Finishing the Snap Cardigan

One chapter of Children of the Storm, by Elizabeth Peters, on my Ipod. Sitting upstairs in my bedroom, where it is warmest, sunniest, most cozy. The result:

Very bulky seam. The problem started with a strange sleeve configuration, with what seems to be too many decreases so that the edge of the sleeve has more steps in it than the armhole opening. You can see this in the picture below: notice where the seam between sleeve and body veers from a vertical line to an angled horizontal toward the right?
I used the Malabrigo to sew up the seam. That worked fine on the side seams of the body, but it seems to be too heavy for the sleeve seams. Also, I followed the directions for finishing the sweater: sew the sleeve into the armhole, then finish the seam of the sleeve. Usually, I reverse the order: sew the seam of the sleeve first (the one that runs along the inside of your arm) and then fit the sleeve into the body. That's the way that you do it when you sew a garment and that's the way I learned to put clothing together in seventh-grade home ec.

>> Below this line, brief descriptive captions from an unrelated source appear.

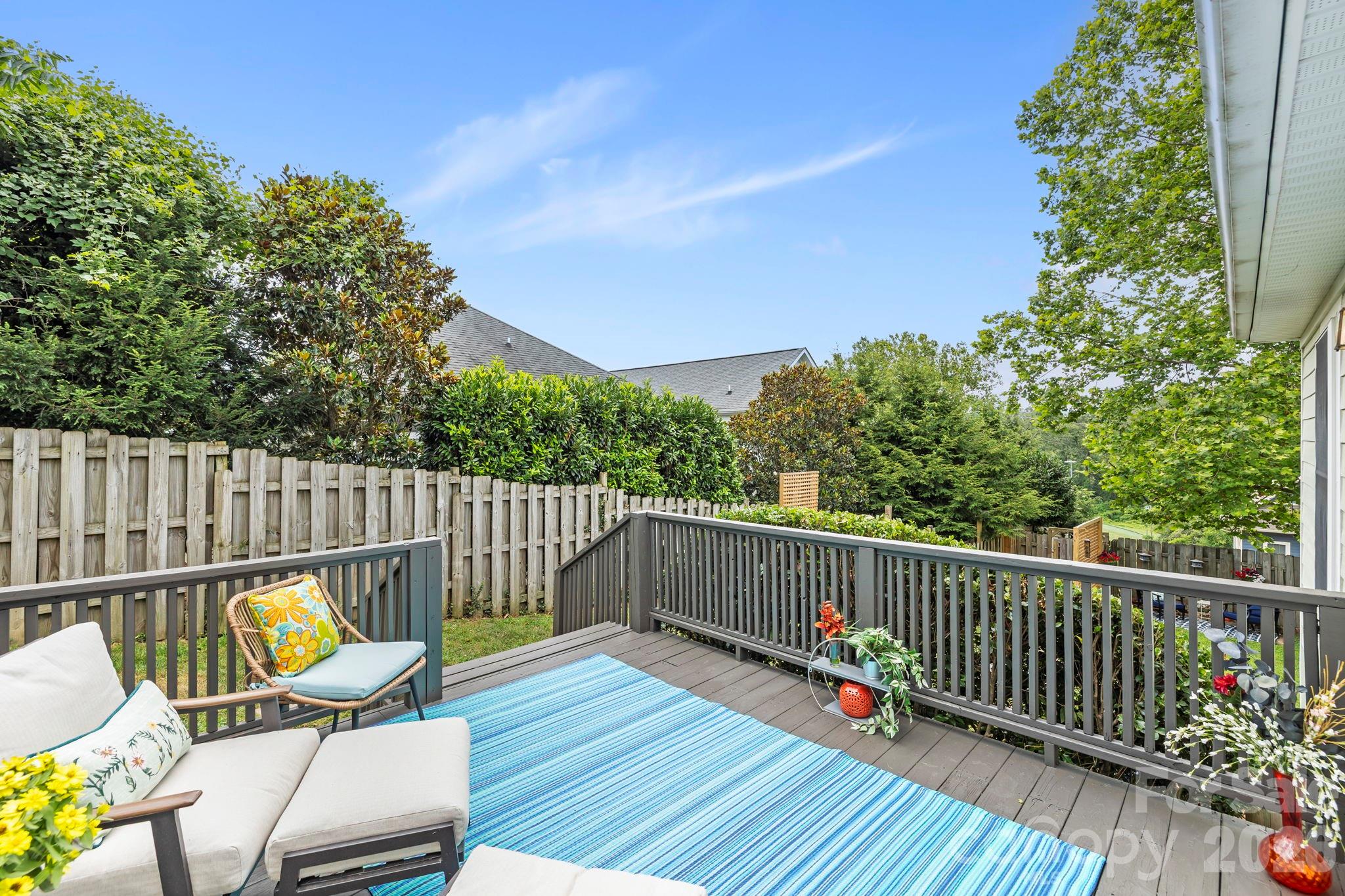 33 Madison Street Asheville NC 28801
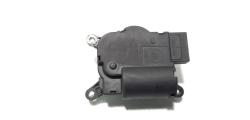 Motoras aeroterma bord, cod 5Q0907511K, Skoda Octavia 3 Combi (5E5) (idi:569380)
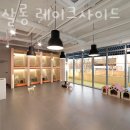 개님살롱 레이크사이드 이미지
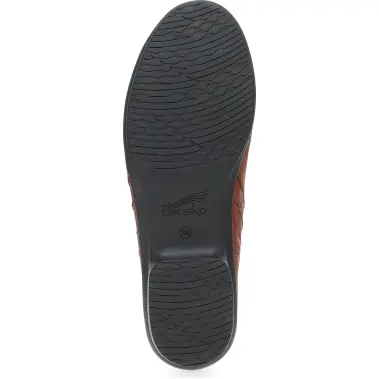 Image 4 of Dansko Cheryl Women's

Second go around: I used a mercerized cotton 10/2 thread from my weaving stash and sewed the sleeve seam first. Better, more flexible, not as bulky. But when you stretch the sleeve a bit - which will happen when you wear it - you can see the thread. And it doesn't look good, even though I remember that sweaters that I bought years ago at an Italian flea market were a bulky yarn finished with ordinary thread.

Perfectionism and the learning curve strike again. After lunch, I'm going to redo the sleeve seam with some left-over Debbie Bliss Cashmerino Aran from the Fetching mitts, then insert the sleeve into the body and try to work the sleeve seam with less bulk.